╭─ Recorded data

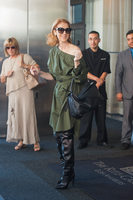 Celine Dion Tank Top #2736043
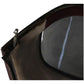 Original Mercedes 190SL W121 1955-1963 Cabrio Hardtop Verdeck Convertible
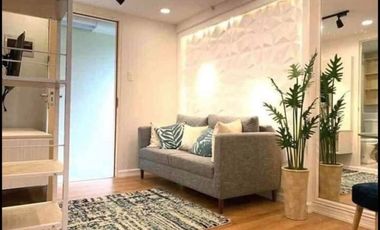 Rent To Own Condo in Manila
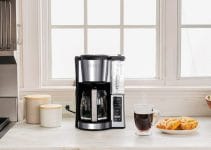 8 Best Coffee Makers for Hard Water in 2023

╰─

◆ **Required action**
Give the data again exactly as written, with no pictures included.

◆ **Result for this task**
 Celine Dion Tank Top #2736043
 Original Mercedes 190SL W121 1955-1963 Cabrio Hardtop Verdeck Convertible
 Rent To Own Condo in Manila
 8 Best Coffee Makers for Hard Water in 2023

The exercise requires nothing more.